Ah! Theotimus, how good God has been to us! The
perfidy which we committed in offending him deserved
truly that he should have deprived us of all the
marks of his benevolence, and of the favour which he
deigned to our nature when he imprinted upon it the
light of his divine countenance, and gave to our
hearts the joyfulness of feeling themselves inclined
to the love of the divine goodness: so that the
angels seeing this miserable man would have had
occasion to say in pity: Is this the creature of
perfect beauty, the joy of all the earth?(1)
But this infinite clemency could never be so
rigorous to the work of his hands; he saw that we
were clothed with flesh a wind which goeth and
returneth not,(2) and therefore according to the
bowels of his mercy he would not utterly ruin us, nor
deprive us of the sign of his lost grace, in order
that seeing this, and feeling in ourselves this
alliance, and this inclination to love him, we should
strive to do so, that no one might justly say: Who
showeth us good things?(3) For though by this sole
natural inclination we cannot be so happy as to love
God as we ought, yet if we employed it faithfully,
the sweetness of the divine piety would afford us
some assistance, by means of which we might make
progress, and if we second this first assistance the
paternal goodness of God would bestow upon us another
greater, and conduct us from good to better in all
sweetness, till he brought us to the sovereign love,
to which our natural inclination impels us: since it
is certain that to him who is faithful in a little,
and who does what is in his power, the divine
benignity never denies its assistance to advance him
more and more.
This natural inclination then which we have to love
God above all things is not left for nothing in our
hearts: for on God's part it is a handle by which he
can hold us and draw us to himself; and the divine
goodness seems in some sort by this impression to
keep our hearts tied as little birds in a string, by
which he can draw us when it pleases his mercy to
take pity upon us - and on our part it is a mark and
memorial of our first principle and Creator, to whose
love it moves us, giving us a secret intimation that
we belong to his divine goodness; even as harts upon
whom princes have had collars put with their arms,
though afterwards they cause them to be let loose and
run at liberty in the forest, do not fail to be
recognized by any one who meets them not only as
having been once taken by the prince whose arms they
bear, but also as being still reserved for him.
And in this way was known the extreme old age of a
hart which according to some historians was taken
three hundred years after the death of Caesar;
because there was found on him a collar with Caesar's
device upon it, and these words: Caesar let me go.
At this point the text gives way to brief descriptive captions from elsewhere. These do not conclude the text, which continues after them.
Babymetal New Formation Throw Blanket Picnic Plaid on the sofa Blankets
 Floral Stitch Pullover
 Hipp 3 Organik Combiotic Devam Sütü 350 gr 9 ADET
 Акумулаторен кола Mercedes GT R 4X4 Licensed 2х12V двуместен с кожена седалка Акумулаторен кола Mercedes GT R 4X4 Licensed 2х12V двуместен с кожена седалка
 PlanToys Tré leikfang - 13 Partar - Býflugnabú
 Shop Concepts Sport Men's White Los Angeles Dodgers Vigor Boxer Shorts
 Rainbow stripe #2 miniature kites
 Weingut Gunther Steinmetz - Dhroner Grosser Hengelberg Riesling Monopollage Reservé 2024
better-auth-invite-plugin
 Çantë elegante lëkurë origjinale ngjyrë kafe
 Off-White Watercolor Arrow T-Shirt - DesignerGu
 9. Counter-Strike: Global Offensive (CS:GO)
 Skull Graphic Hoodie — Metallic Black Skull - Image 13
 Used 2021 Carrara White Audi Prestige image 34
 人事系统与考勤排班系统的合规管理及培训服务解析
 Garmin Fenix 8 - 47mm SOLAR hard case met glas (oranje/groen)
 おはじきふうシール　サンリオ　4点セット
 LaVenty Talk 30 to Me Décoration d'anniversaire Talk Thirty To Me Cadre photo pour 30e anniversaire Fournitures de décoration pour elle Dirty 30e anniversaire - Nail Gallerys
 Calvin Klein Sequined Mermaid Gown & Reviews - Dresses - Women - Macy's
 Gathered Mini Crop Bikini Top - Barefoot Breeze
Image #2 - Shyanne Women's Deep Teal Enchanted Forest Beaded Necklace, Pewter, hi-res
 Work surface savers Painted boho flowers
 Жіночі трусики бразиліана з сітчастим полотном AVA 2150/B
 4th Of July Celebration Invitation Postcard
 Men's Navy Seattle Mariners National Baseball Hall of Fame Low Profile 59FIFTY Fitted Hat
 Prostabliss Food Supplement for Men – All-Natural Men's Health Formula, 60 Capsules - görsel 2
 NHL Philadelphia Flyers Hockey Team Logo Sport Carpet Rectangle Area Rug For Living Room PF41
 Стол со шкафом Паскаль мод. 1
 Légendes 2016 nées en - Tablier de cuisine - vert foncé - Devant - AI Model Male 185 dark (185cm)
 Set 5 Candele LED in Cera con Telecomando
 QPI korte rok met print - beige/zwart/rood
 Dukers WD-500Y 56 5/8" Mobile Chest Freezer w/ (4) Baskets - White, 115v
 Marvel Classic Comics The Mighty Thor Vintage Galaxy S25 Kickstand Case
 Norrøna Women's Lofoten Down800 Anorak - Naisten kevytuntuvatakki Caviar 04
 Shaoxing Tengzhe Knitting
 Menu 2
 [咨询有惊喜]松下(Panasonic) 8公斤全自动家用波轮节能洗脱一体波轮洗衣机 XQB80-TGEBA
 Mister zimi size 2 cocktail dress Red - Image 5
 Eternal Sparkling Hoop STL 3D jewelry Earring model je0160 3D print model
In truth the honourable inclination which God has
left in our hearts testifies as well to our friends
as to our enemies that we did not only sometime
belong to our Creator, but furthermore, though he has
left us and let us go at the mercy of our free will,
that we still appertain to him, and that he has
reserved the right of taking us again to himself, to
save us, according as his holy and sweet providence
shall require.
Hence the royal prophet terms this inclination not
only a light, in that it makes us see whither we are
to tend, but also a joy and gladness,(4) for it
comforts us when we stray, giving us a hope that he
who engraved and left in us this clear mark of our
origin intends also and desires to reduce and bring
us back thither, if we be so happy as to let
ourselves be retaken by his divine goodness.